The above indicates the state of NJ does not want hollow point bullets on the streets. At one time it was to make shooting a cop with hollowpoints a death penalty offense. These days dems cheer when cops get shot. But that’s a different story.
So, if a certain type of ammo can be possessed based on location, home (your domain) and the range, why not argue that we should be allowed 30 rd mags AT HOME and on the range, just the same as hollow points.
All things being equal, if hollowpoint is allowed for self defense, why can’t we also have 30 rd mags at home for self defense.
It’s not like can hang a sign on my door “Attn home invaders, I am only equipped to handle two home invaders, please choose two and the rest stay outside”
The average invasion team is 3 to 5 very probably armed intruders. Cops eventually switched to auto-loading handguns because they were outgunned.
Think about it tho… Five people break into your house at zero dark thirty, three of them are armed with autoloaders holding 30 rds each. NJ expects citizens to go up against 90 9mm boolits with 10 rounds…
You’re making the very common mistake of thinking there is a firearms related reason for any of NJ’s gun laws. You will only give yourself a headache trying to find one.
NJ gun laws are designed to scare the uninformed public into thinking that every gun is bad and that any of these laws will save them from a criminal who ignores all laws. It is a logical fallacy. It is proven by the police being exempt from all the laws. If guns are so dangerous, why are cops trusted to be safe with them after a only couple of weeks training at the academy?
NJ politicians rely on the lack of knowledge in the public to present scary things and then promise to save the public by passing more laws.
Duh, anyway… I think this is a good argument. NJ probably couldn’t entirely ban hollow point ammo so they made it as restrictive as possible. You can’t deny one the right to self defense in their own home.
That same argument can be made for magazines. The state is willfully putting it’s citizens at a disadvantage and more likely to get killed.

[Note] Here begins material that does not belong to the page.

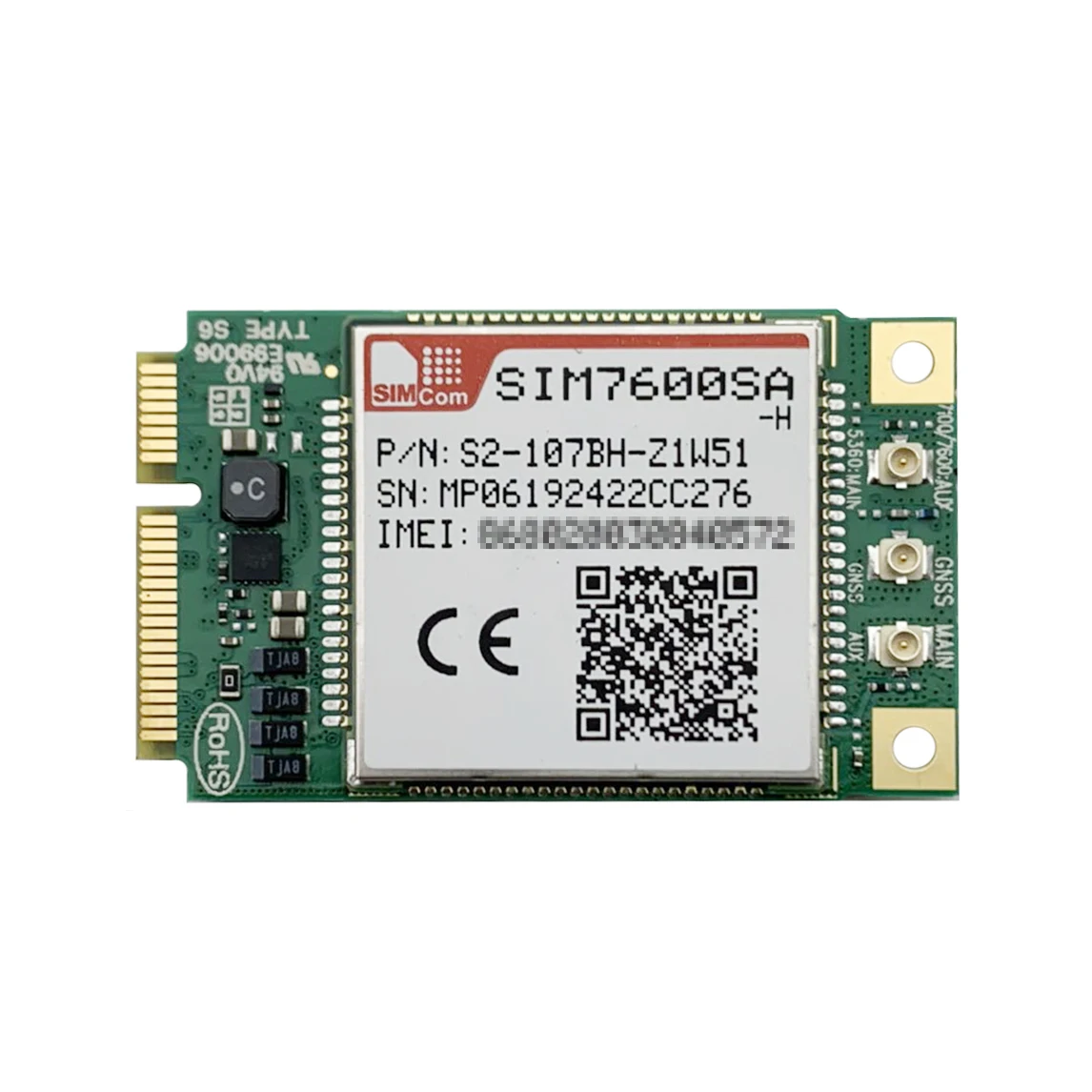 SIMCOM SIM7600SA-H MINI PCIE LTE Cat-4 модуль для Австралии/Новой Зеландии/Южной Америки LTE-FDD B1/B2/B3/B4/B5/B7/B8/B28 B40/B66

They’ll go right back to the argument they made in the current mag ban case - in “rigorous study” of self defense situation where shots are fired, on average only ~2.2 shots are fired, so 10 rounds is plenty.

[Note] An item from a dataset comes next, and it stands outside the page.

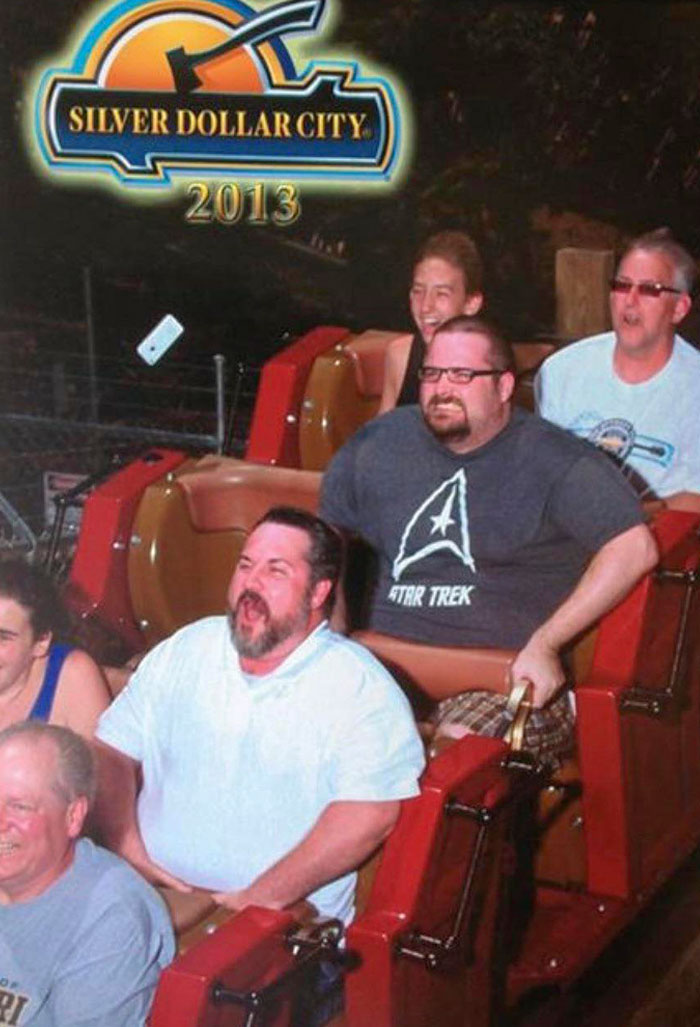 Years Ago My Brother Lost His Cellphone On A Roller Coaster. We Figured There Was No Way To Know When. Then She Saw The Ride Photo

Of course, that’s equivalent to saying “Average home fire extinguisher use is only 2 ounces of extinguishing material, so nobody needs an extinguisher with more than 10 ounces”.
They don’t care about the possibility of “outlier” events. They’d really prefer to limit you to a 0 round magazine, but apparently that’s a bridge too far, so the “average 2.2 but you can have 10” argument makes them think they’re being magnanimous.

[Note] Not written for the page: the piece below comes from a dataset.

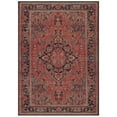 thumbnail image 2 of SAFAVIEH Journey Ethelinda Oriental Machine Washable Runner Rug, Navy/Red, 2'2" x 11', 2 of 10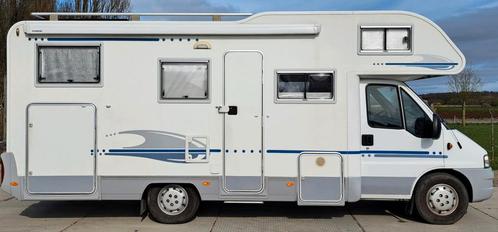 Adria 244 alkoof camper, Caravans en Kamperen, Campers, Particulier, tot en met 4, Integraal, Fiat, Diesel, 7 tot 8 meter, Ophalen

Frankly, the better argument is that magazines count as arms and arms can’t be banned outright. Let’s go Ocean State Tactical at SCOTUS!
The average number of rounds fired in defense is nonsense.
When NYPD cops carried revolvers, the average number of shots fired at a bad guy was just under 6. When they switched to Glock 17s, that average strangely jumped to just under 18. I can’t imagine why.
5 people break into your home at zero dark thirty carrying guns, your probably being raided by the ATF for the containers of 5000 BB’s you didnt report to the state police.